**Exercise objective**
Give the lines again exactly as they appear, from the first line of the listing through the line containing "Power classes will", and omit every picture.
━━━━━ Available data
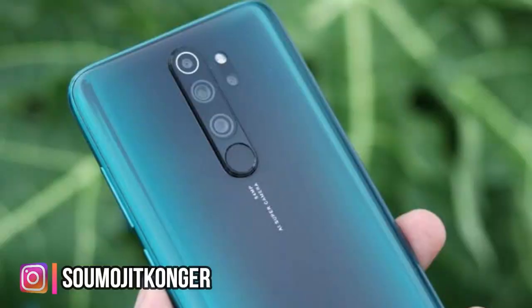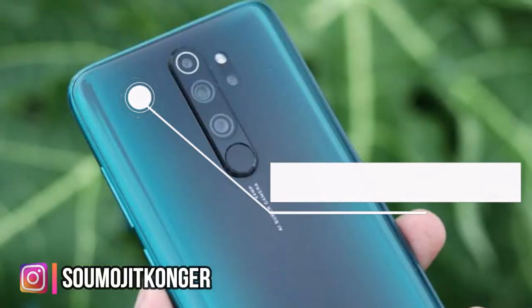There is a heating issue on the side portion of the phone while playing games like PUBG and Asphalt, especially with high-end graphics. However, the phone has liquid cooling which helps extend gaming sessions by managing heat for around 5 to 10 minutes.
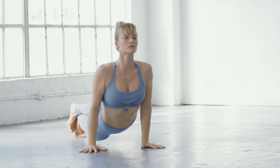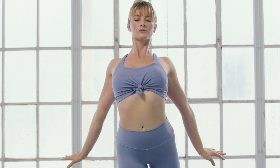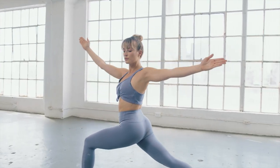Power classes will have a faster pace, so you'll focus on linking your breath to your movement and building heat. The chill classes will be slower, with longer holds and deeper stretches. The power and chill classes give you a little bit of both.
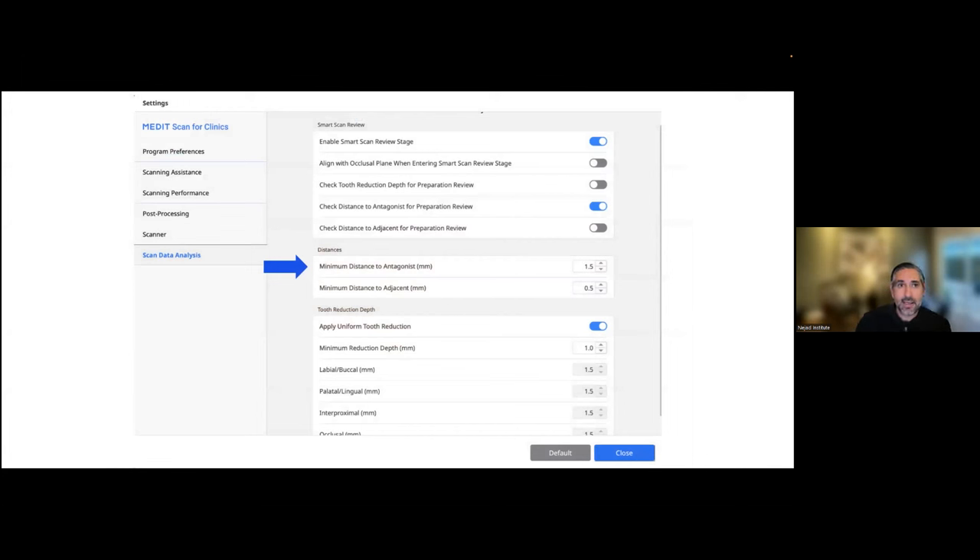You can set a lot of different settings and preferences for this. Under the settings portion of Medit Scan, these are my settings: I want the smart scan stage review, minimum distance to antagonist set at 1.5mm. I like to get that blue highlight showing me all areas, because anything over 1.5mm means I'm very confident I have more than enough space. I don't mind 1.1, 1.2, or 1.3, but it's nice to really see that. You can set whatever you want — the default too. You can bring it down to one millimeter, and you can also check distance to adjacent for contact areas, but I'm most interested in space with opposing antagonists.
━━━━━━━━━━
**Written solution**
There is a heating issue on the side portion of the phone while playing games like PUBG and Asphalt, especially with high-end graphics. However, the phone has liquid cooling which helps extend gaming sessions by managing heat for around 5 to 10 minutes.
Power classes will have a faster pace, so you'll focus on linking your breath to your movement and building heat. The chill classes will be slower, with longer holds and deeper stretches. The power and chill classes give you a little bit of both.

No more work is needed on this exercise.